The MHA said it was clear the mob was incited by Wangchuk through his provocative statements. “Incidentally, amidst these violent developments, he broke his fast and left for his village in an ambulance without making serious efforts to control the situation,” the MHA said on the day violence broke out.

Ladakh’s gradual swing from cheering on becoming a Union Territory in 2019 after the Centre scrapped special status to Jammu and Kashmir under Article 370 of the Constitution, to the current tension due to demand for statehood, has led to speculation that foreign hands and local vested interests could be involved in engineering the crisis.

Countering allegations of being “anti-national,” Angmo shared two photos featuring Bangladesh’s interim leader Mohammed Yunus — one with Prime Minister Narendra Modi, and the other with Wangchuk.

“If it’s okay for the honourable PM to meet Mohammed Yunus, why is it a problem when Sonam Wangchuk, India’s educator and innovator, meet(s) him?” she said in the X post. She was apparently responding to social media chatter that has alleged Wangchuk, the most prominent face of the Ladakh agitation, “conspired” with those who ended the reign of Sheikh Hasina in Bangladesh.

Security agencies have also cited Wangchuk’s references to recent Gen-Z youth protest in Nepal and last year’s student-led revolt in Bangladesh as proof that he “provoked” the violence on September 24 in which four protesters died.

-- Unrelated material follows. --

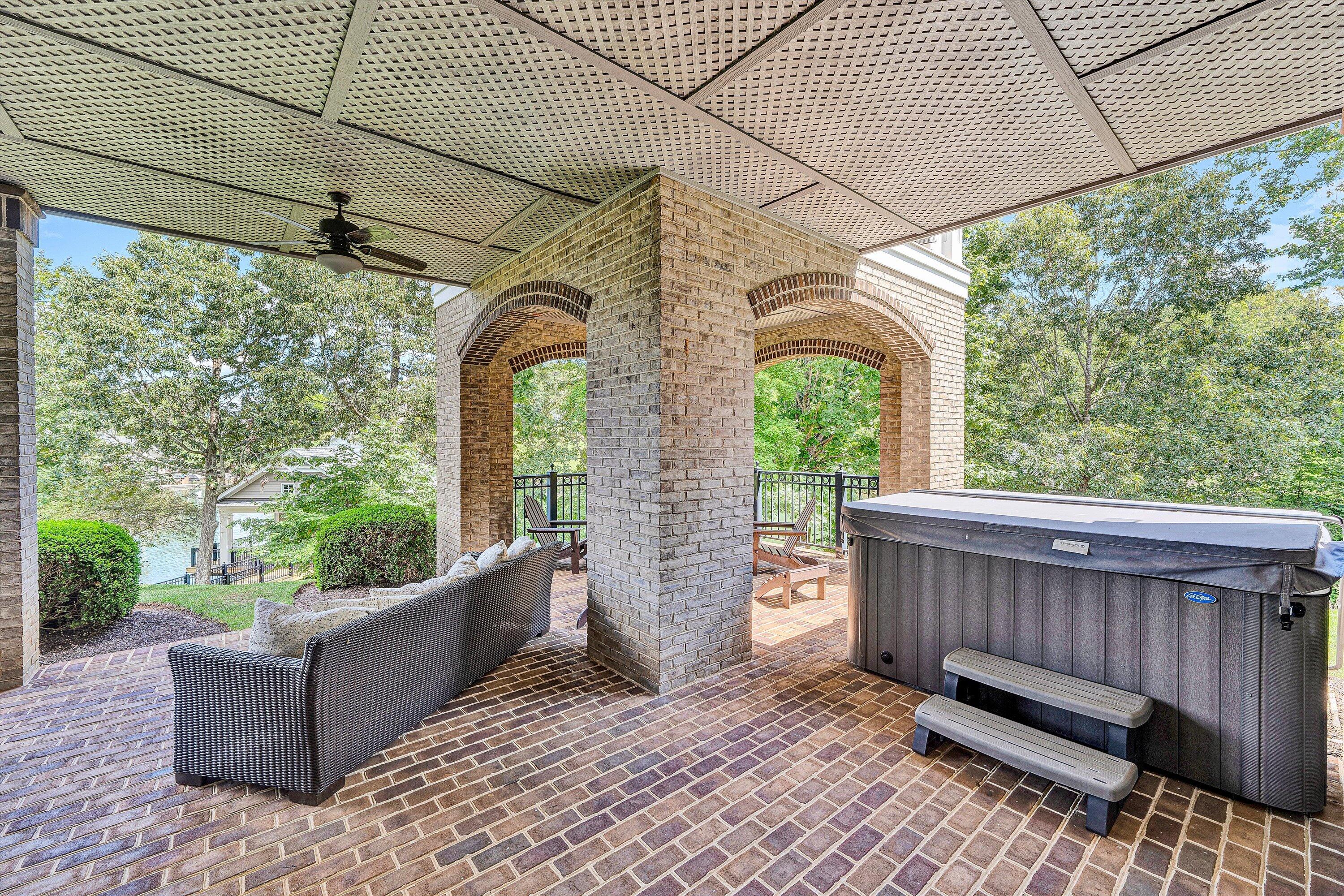 Penhook, Virginia 24137, United States, 4 Bedrooms Bedrooms, ,4 BathroomsBathrooms,Residential,Active,202134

As for her X post on Monday, Wangchuk’s image hugging Yunus — being used in those social media posts too — is one he shared in 2020 of his meeting with Yunus, a Nobel-winning economist and social entrepreneur, at an event at the British high commission in Dhaka. Hasina was still in power at the time.

Currently on exile in India, she was deposed in August 2024 in protests led by students triggered by an unpopular quota system and resentment over corruption. Yunus was then given the country’s reigns as chief adviser while elections are likely by February 2026.

Yunus’s photo with PM Modi is from April 2025, when they met on the sidelines of a summit in Bangkok, Thailand. India’s foreign minister S Jaishankhar had later said the Indian side conveyed concerns about rhetoric emanating from Dhaka, and radicalisation and attacks on minorities, during that meeting.